### [THE DATA]
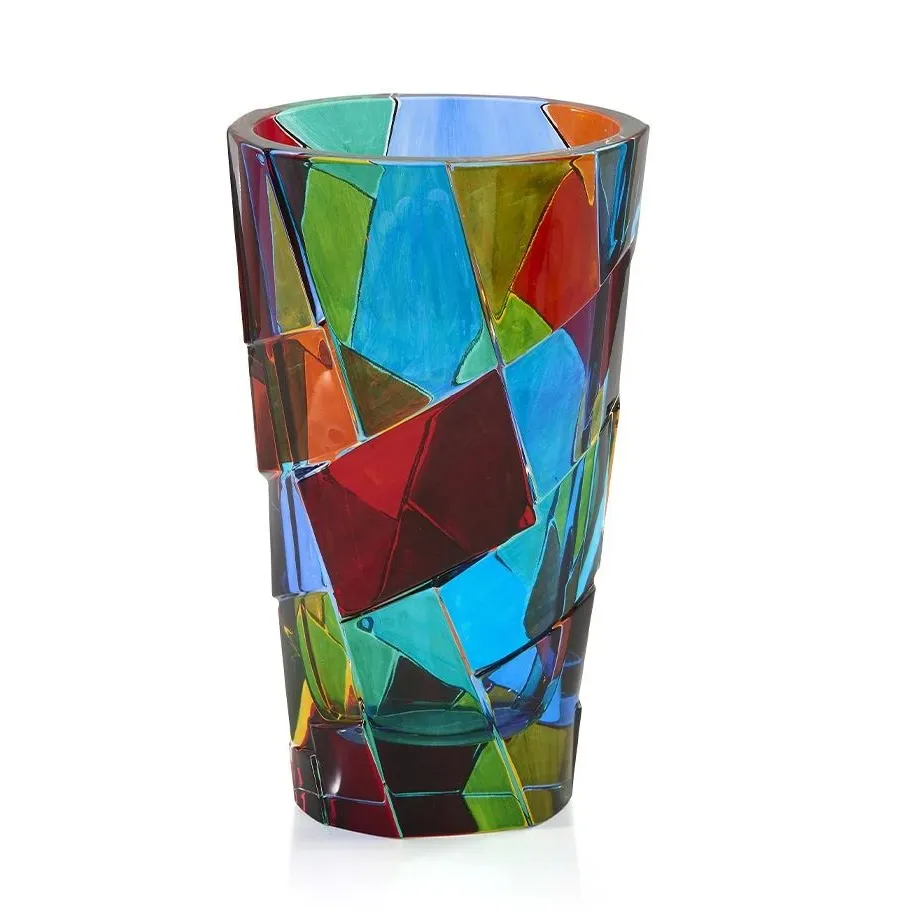 obrazek 1 Designerski wazon Crack ze szkła murano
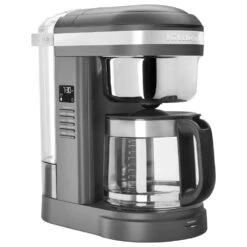 KitchenAid 12 Cup Drip Coffee Maker With Programmable Warming Plate In Matte Charcoal Grey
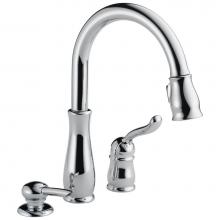 Delta Faucet 978-SD-DST - Leland® Single Handle Pull-Down Kitchen Faucet with Soap Dispenser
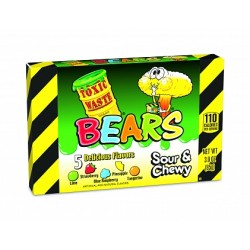 Toxic Waste Bears Theatre Box 85g - Bomboane Gumate Acrișoare cu Aromă de Fructe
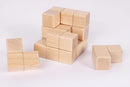TOWO Large Wooden Soma Cube Puzzle, IQ Logic Brain Teaser Toy — 3
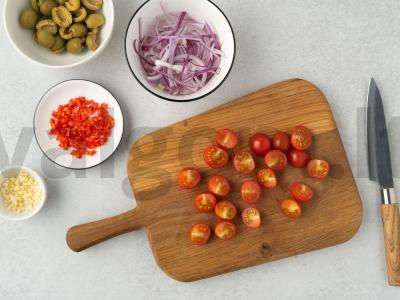 Jūros salotos su alyvuogėmis Žingsnis 1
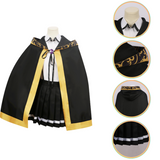 The Magical Journey of the Wand and Sword Colette Loire Women Black Outfit Cosplay Costume Outfit Halloween Carnival Suit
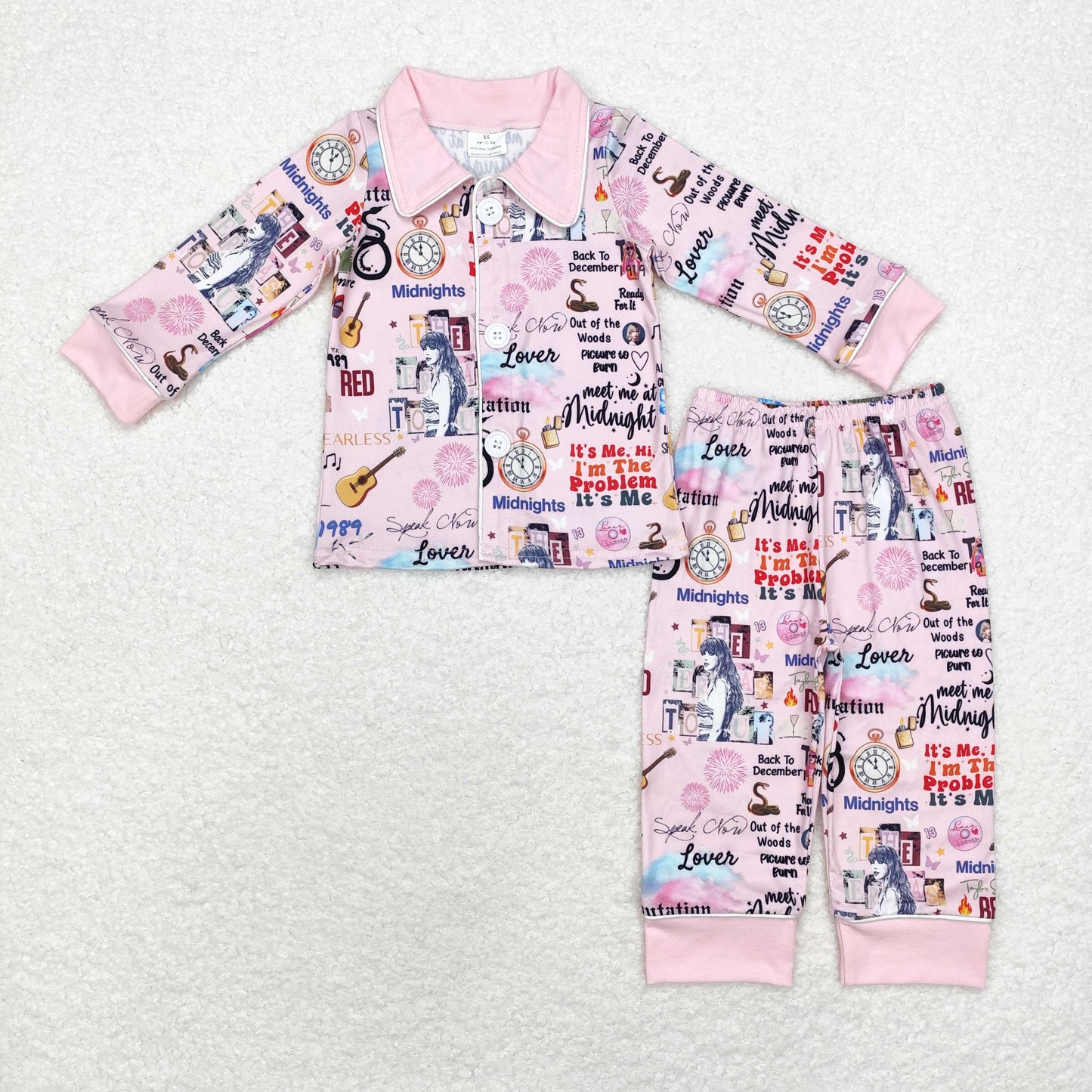 GLP1337  RTS Taylor swift girl pajamas outfit 202412 sibling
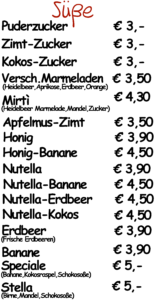 Süße Crepes in Regensburg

### [WORK INSTRUCTIONS]
Starting at the line that holds "TOWO Large Wooden", reproduce each line through the last one of the listing, and nothing more; the pictures stay out.

### [PROBLEM SOLUTION]
TOWO Large Wooden Soma Cube Puzzle, IQ Logic Brain Teaser Toy — 3
 Jūros salotos su alyvuogėmis Žingsnis 1
 The Magical Journey of the Wand and Sword Colette Loire Women Black Outfit Cosplay Costume Outfit Halloween Carnival Suit
 GLP1337  RTS Taylor swift girl pajamas outfit 202412 sibling
 Süße Crepes in Regensburg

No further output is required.